Top of Supplied information

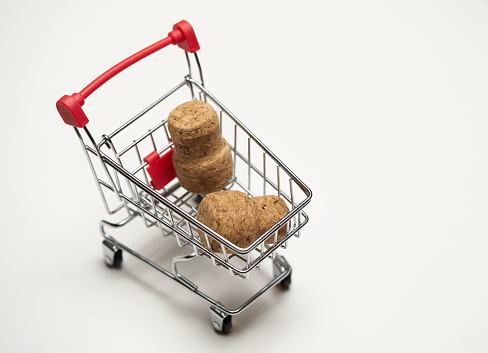 Corks with mini cart supermarket on white background. Concept of delivery, online shopping. Copy space.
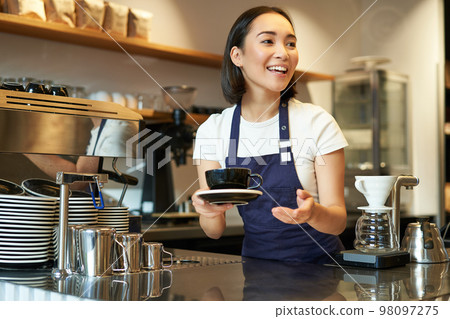 Portrait of beautiful asian girl, student working part-time in cafe, holding cup of coffee, made order, looking for client, wearing uniform Portrait of beautiful asian girl, student working part-time in cafe, holding cup of coffee, made order, looking for client, wearing uniform 98097275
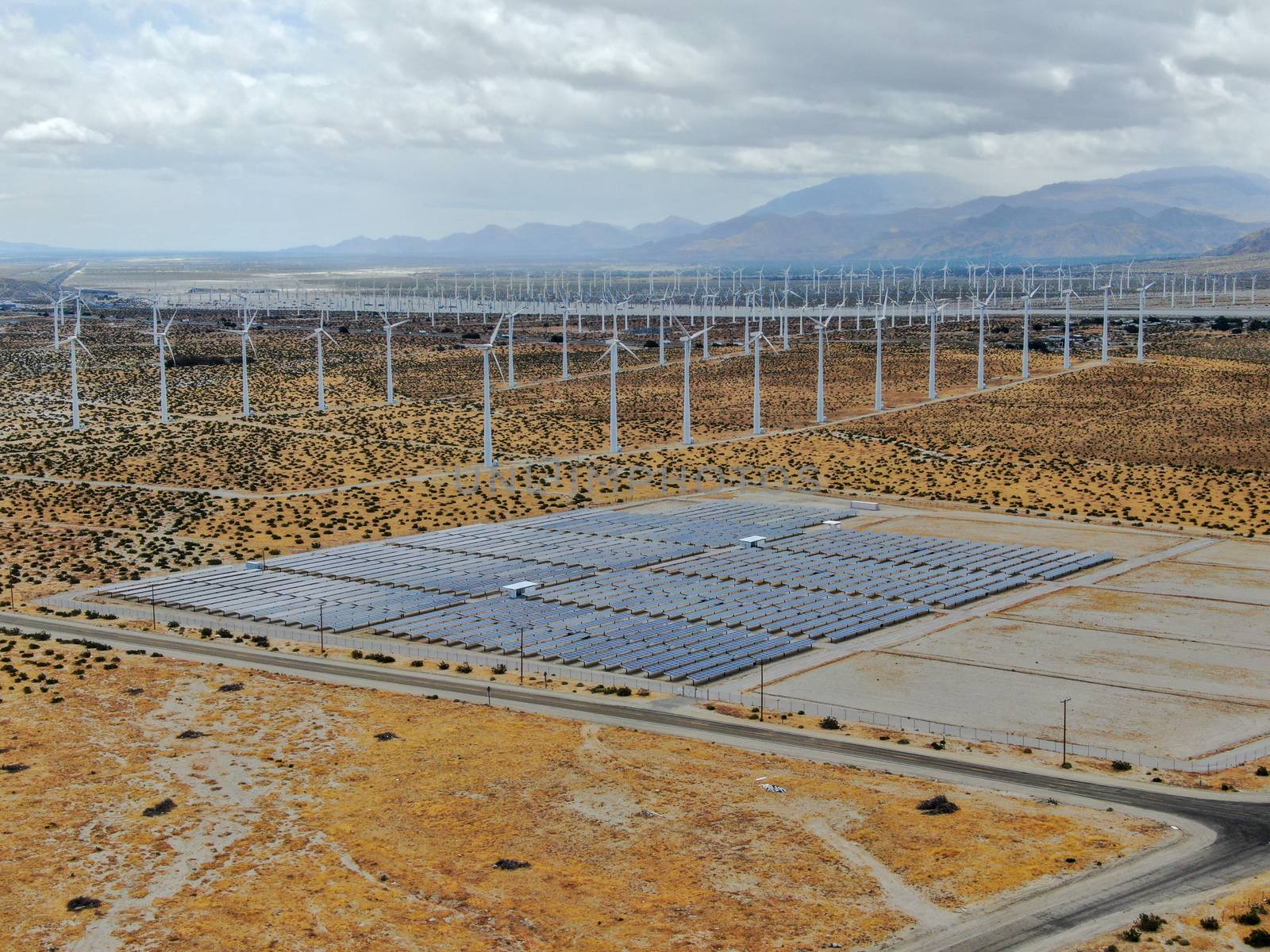 Aerial view of Genuine Energy Farm in the Hot Arid Desert of Palm Springs, California. Solar Panels farm to Harness the Power of Nature to generate free green energy.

Bottom of Supplied information

Instructions to follow => Leaving out the images, repeat the listing above exactly.

Result of this task =>
 Corks with mini cart supermarket on white background. Concept of delivery, online shopping. Copy space.
 Portrait of beautiful asian girl, student working part-time in cafe, holding cup of coffee, made order, looking for client, wearing uniform Portrait of beautiful asian girl, student working part-time in cafe, holding cup of coffee, made order, looking for client, wearing uniform 98097275
 Aerial view of Genuine Energy Farm in the Hot Arid Desert of Palm Springs, California. Solar Panels farm to Harness the Power of Nature to generate free green energy.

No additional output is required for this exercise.